State-of-the-Art (SoTA) Performance: The approach achieves superior accuracy across multiple benchmarks, particularly in complex multi-label scenarios and noisy environments.

4. Experimental Results

The framework was evaluated on five GI benchmarks (CrohnIPI, GastroVision, HyperKvasir, Kvasir-Capsule, SEE-AI) involving 4,779 test samples.
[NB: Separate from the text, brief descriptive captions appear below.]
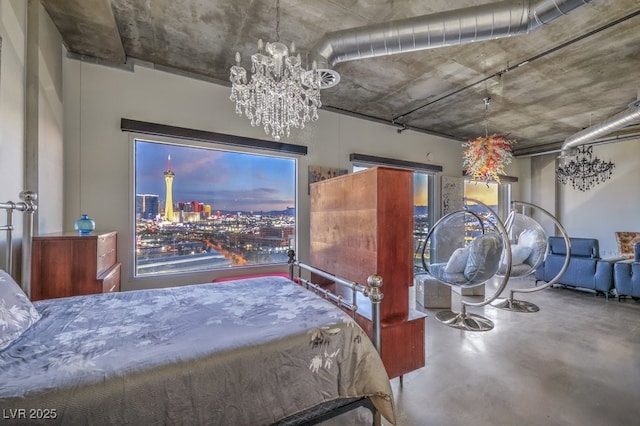 900 Las Vegas Blvd Unit 1208, Las Vegas, NV 89101 - bedroom featuring a chandelier and finished concrete floors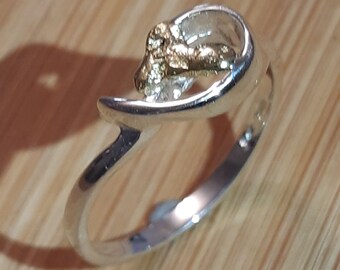 Silver ring with  a gold nugget .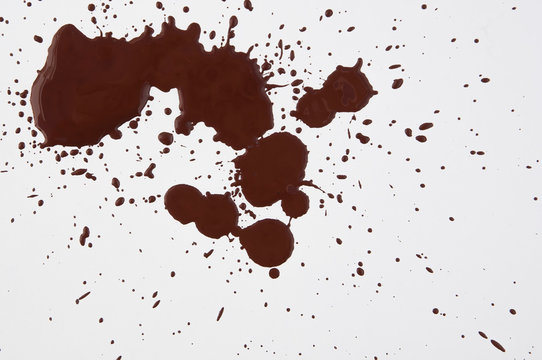 brown chocolate splatter drops on white background top view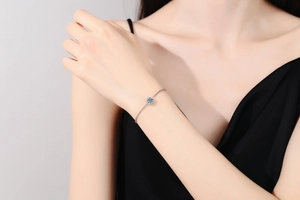 Close-up of snowflake bracelet with round moissanite on a model's wrist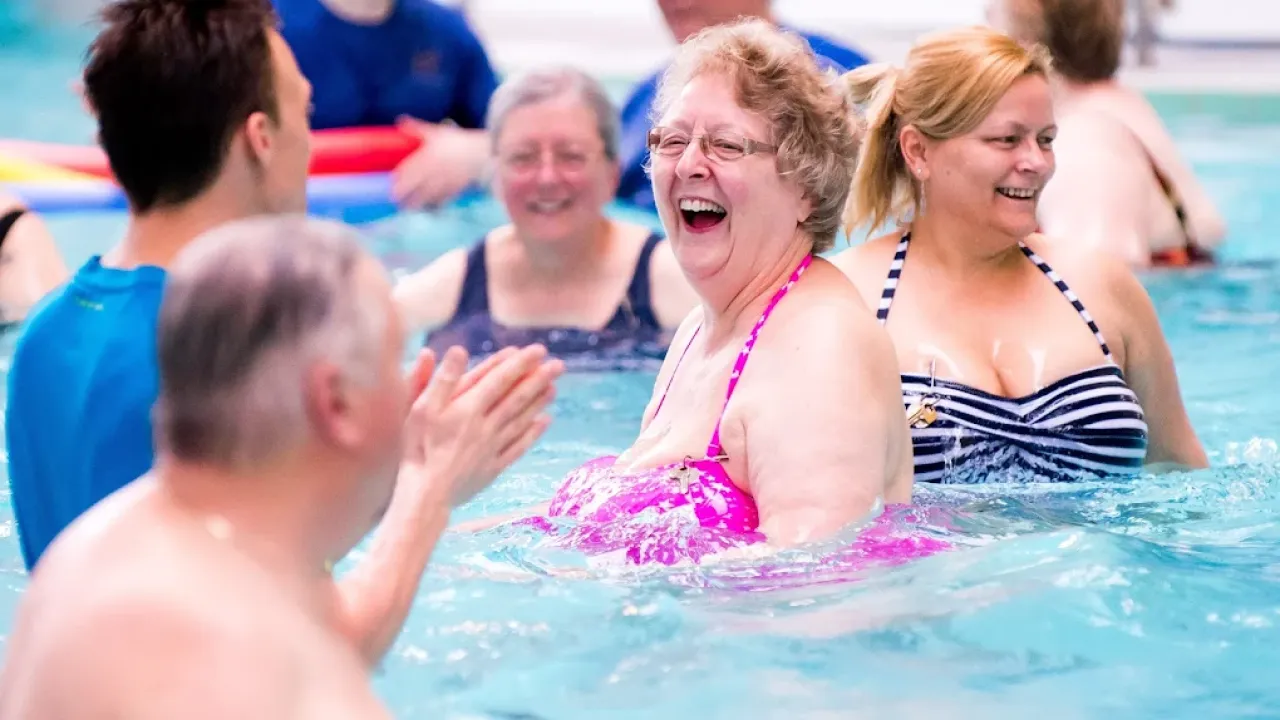 Group of happy adults participating in aqua fitness class at Perth leisure pool, with instructor leading exercise in clear blue water, showing the social and enjoyable nature of adult swimming programmes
Overall Performance: CogAlign (specifically the 8B variant) achieved 67.67% average accuracy, significantly outperforming:
- Proprietary General Models (e.g., Gemini 3 Pro: 24.82%, GPT-5 series: <12%).
- Specialized Medical Models (e.g., Hulu-Med-7B: 8.58%).
- Standard SFT baselines (Qwen3-VL-8B SFT: 66.31%).
Multi-Label Diagnosis: CogAlign demonstrated robustness in identifying concurrent pathologies (13.62% accuracy on multi-label SEE-AI samples), whereas other models often failed completely (0.00% for Hulu-Med).
Robustness to Noise: In tests with simulated spot interference (bubbles, mucus), CogAlign maintained high accuracy, while SFT-only baselines suffered severe degradation.
Case Studies: Visual analysis showed CogAlign correctly identifying subtle polyps and erosions obscured by noise, whereas baseline models hallucinated "normal" diagnoses or missed lesions entirely.

5. Significance

This work represents a significant shift in medical AI from "black-box" classification to interpretable, causally grounded reasoning. By explicitly modeling the expert cognitive workflow and mathematically penalizing reliance on background artifacts, CogAlign addresses the "hallucination" and "brittleness" issues prevalent in current medical MLLMs. It provides a scalable blueprint for deploying reliable AI in high-stakes clinical environments where diagnostic accuracy and explainability are paramount. The authors have committed to releasing all source code and datasets to foster further research.